Monday, 20 June 2011

Disability Wage

I'm a little late to the party but would still like to weigh in my two cents on the disabled minimum wage hoo-har.  Personally I totally understand where Philip Davies is coming from, he raises an important point which not only affects the disabled but also traps young & unskilled workers in the unemployment cycle.  Labour's typical equality at any price response didn't surprise me (or anyone else I expect) but the response from "Conservative" MP Edward Leigh was much more surprising.

"Why actually should a disabled person work for less than £5.93 an hour.
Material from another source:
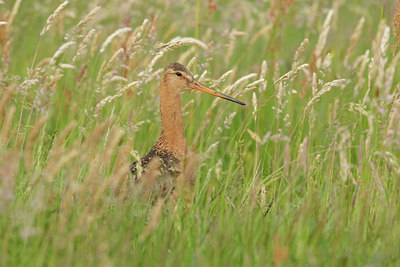 BUITEN BEELD Foto: 45390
It is not a lot of money, is it?"
I guess this quote perfectly demonstrate the slightly different shades of red we get to vote for in the UK, politics is now all about who to redistribute to rather than whether we should even be redistributing.  But more importantly, Edward is so detached from reality that he would rather tax and steal from most of the population just to avoid subjecting a few people to what some would consider an "undesirable wage" (if such a thing exists, try saying that to a third world worker).  After all £3 an hour is still better than starving, but I guess benefits are even better if you don't have to lift a finger.
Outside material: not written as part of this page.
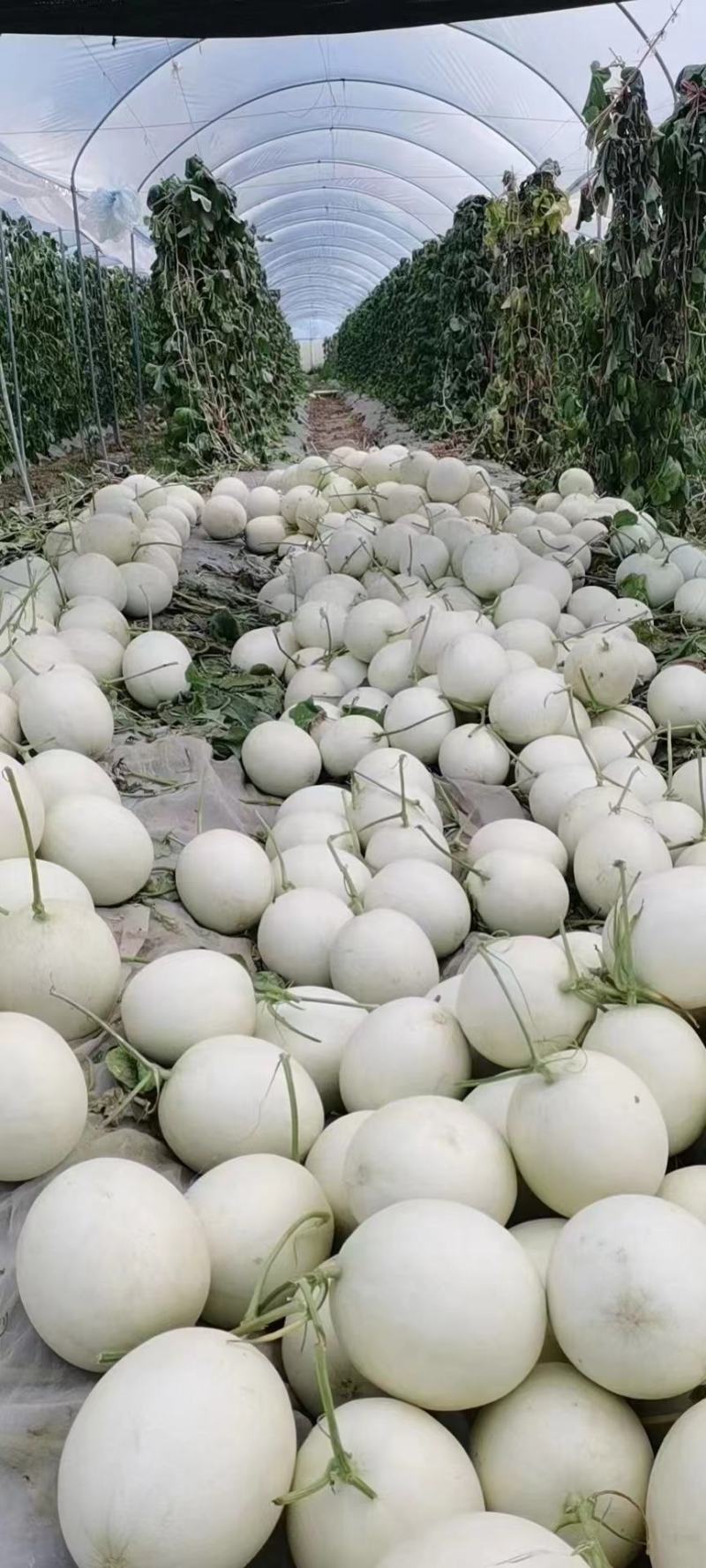 玉菇甜瓜精品白玉菇甜瓜奶香密可对接各大电商平台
Before we go any further I would like to address the politically correct crowd who are no doubt lurking in the shadows somewhere.  The "disabled people deserve the same wage an an able bodied person" is fine providing they are as good a worker as the able bodied person (the same argument applies to the feminists and affirmative action crowd too).  In other words is their labour as valuable?  For some disabled people it is, but the minimum wage doesn't affect the skilled workers, a wheelchair-bound lawyer for example has no problem practising law compared with his able bodied contemporaries.  However a one-armed individual who screws bulbs into lamps for a living may not be as efficient as his two armed co-workers.  So by forcing the employer to pay him a wage worth more than his labour can produce the company is loosing money and would eventually go out of business, the only choice is to fire the disabled worker.  This isn't pleasant but is a fact of life so the PC crowds opinion holds no weight here as it is economically un-viable.  The best solution which allows the disabled man to keep his job is to pay him a wage more aligned to the value of his labour.
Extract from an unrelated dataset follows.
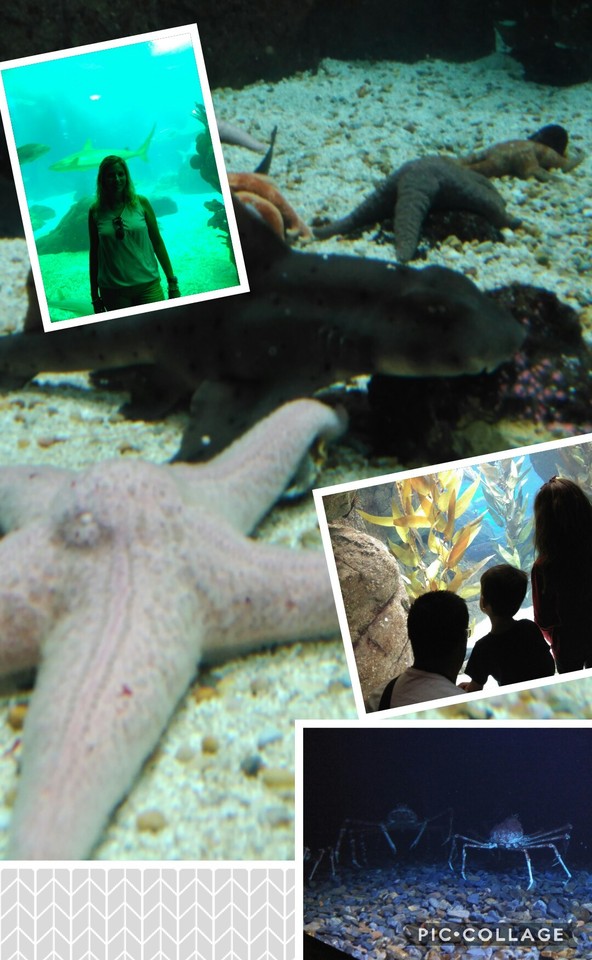 Collage 2017-08-31 23_09_03.jpg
Everybody hopefully understands that by enacting a minimum wage labourers who skills are valued below that price cannot enter the market, they therefore cannot gain skills to move up the employment ladder and hence become trapped in poverty.  To address this newly government created injustice we "grant" the now unemployed individuals benefits so that they can survive.  Eventually the do-gooders identify that the disabled people can't seem to find work (totally neglecting the fact that the minimum wage is stopping employers from hiring them) and bump up the benefits further to ensure a more fair & equal living standard for the unemployed disabled populace.  We've now reached the stage where earning less than the minimum wage is considered totally despicable & people often get offended if you suggest that disabled people should be allowed to earn what they are worth.

What annoys me most about this case (even more than the PC bullshit) is that the minimum wage doesn't even help to secure equality or a good standard of living for the disabled, yet we all pay the price for this failure.  By leaving disabled people with no choice but to take benefits they are not improving their workplace skills & thus will never be able to get over the initial minimum labour value hurdle.  Instead they will spend their lives dependant on handouts from Joe-pubic rather than improving themselves and moving on to bigger and better things.  The potential life prospects that have been wasted simply by being denied the opportunity to work is a far bigger injustice.

Further more the benefits are paid for by the rest of the public; draining resources from the economy (which could be invested in more jobs to help employ people of low labour value), decreasing individual spending power (thereby depriving other disabled and ordinary people of employment) and further increasing the cost of employment, courtesy of taxation, which deprives even more low skilled workers of potential life prospects.

The minimum wage, for both able bodied & disabled people, has and continues to create generations of welfare dependant, prospect deprived individuals with little more to look forward to than the next government cheque.  At the same time this injustice not only damages the lives of the dependant, but also deprives the working populace of their earnings and potential economic innovations which improve the lives of the whole country.  Three cheers for socialism.

1 comment:

Lee said...

Thank you for telling it as it is. I'm disabled and I think that Mr. Davies' suggestion might just persuade an employer to offer me a job.